Retype every entry below exactly as it stands.

### PROVIDED DATA:
▶
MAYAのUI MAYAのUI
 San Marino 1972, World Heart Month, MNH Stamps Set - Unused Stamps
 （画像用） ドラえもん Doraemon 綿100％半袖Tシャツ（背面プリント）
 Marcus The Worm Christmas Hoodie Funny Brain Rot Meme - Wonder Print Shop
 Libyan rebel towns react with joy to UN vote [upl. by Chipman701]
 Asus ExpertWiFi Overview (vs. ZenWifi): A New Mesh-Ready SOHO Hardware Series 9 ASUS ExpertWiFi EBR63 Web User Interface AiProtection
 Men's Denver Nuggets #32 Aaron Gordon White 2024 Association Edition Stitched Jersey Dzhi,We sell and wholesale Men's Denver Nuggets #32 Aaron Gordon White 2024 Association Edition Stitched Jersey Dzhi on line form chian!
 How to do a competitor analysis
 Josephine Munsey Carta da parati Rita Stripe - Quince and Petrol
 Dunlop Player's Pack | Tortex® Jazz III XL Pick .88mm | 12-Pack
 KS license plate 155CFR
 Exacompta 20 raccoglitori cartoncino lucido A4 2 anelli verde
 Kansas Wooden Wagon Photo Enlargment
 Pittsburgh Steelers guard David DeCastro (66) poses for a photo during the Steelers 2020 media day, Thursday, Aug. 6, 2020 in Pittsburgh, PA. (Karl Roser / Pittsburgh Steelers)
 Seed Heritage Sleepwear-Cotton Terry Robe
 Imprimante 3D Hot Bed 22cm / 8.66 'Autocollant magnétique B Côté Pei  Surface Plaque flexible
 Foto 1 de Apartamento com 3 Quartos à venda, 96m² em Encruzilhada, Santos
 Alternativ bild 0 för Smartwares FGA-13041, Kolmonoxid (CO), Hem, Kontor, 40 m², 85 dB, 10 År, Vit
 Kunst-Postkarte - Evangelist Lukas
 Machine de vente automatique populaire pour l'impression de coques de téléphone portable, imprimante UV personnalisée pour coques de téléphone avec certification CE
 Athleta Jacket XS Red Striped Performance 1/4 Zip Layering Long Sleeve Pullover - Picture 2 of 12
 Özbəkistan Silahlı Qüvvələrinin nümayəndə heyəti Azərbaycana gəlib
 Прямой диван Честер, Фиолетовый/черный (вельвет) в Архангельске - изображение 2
◀
### WRITTEN ANSWER:
MAYAのUI MAYAのUI
 San Marino 1972, World Heart Month, MNH Stamps Set - Unused Stamps
 （画像用） ドラえもん Doraemon 綿100％半袖Tシャツ（背面プリント）
 Marcus The Worm Christmas Hoodie Funny Brain Rot Meme - Wonder Print Shop
 Libyan rebel towns react with joy to UN vote [upl. by Chipman701]
 Asus ExpertWiFi Overview (vs. ZenWifi): A New Mesh-Ready SOHO Hardware Series 9 ASUS ExpertWiFi EBR63 Web User Interface AiProtection
 Men's Denver Nuggets #32 Aaron Gordon White 2024 Association Edition Stitched Jersey Dzhi,We sell and wholesale Men's Denver Nuggets #32 Aaron Gordon White 2024 Association Edition Stitched Jersey Dzhi on line form chian!
 How to do a competitor analysis
 Josephine Munsey Carta da parati Rita Stripe - Quince and Petrol
 Dunlop Player's Pack | Tortex® Jazz III XL Pick .88mm | 12-Pack
 KS license plate 155CFR
 Exacompta 20 raccoglitori cartoncino lucido A4 2 anelli verde
 Kansas Wooden Wagon Photo Enlargment
 Pittsburgh Steelers guard David DeCastro (66) poses for a photo during the Steelers 2020 media day, Thursday, Aug. 6, 2020 in Pittsburgh, PA. (Karl Roser / Pittsburgh Steelers)
 Seed Heritage Sleepwear-Cotton Terry Robe
 Imprimante 3D Hot Bed 22cm / 8.66 'Autocollant magnétique B Côté Pei  Surface Plaque flexible
 Foto 1 de Apartamento com 3 Quartos à venda, 96m² em Encruzilhada, Santos
 Alternativ bild 0 för Smartwares FGA-13041, Kolmonoxid (CO), Hem, Kontor, 40 m², 85 dB, 10 År, Vit
 Kunst-Postkarte - Evangelist Lukas
 Machine de vente automatique populaire pour l'impression de coques de téléphone portable, imprimante UV personnalisée pour coques de téléphone avec certification CE
 Athleta Jacket XS Red Striped Performance 1/4 Zip Layering Long Sleeve Pullover - Picture 2 of 12
 Özbəkistan Silahlı Qüvvələrinin nümayəndə heyəti Azərbaycana gəlib
 Прямой диван Честер, Фиолетовый/черный (вельвет) в Архангельске - изображение 2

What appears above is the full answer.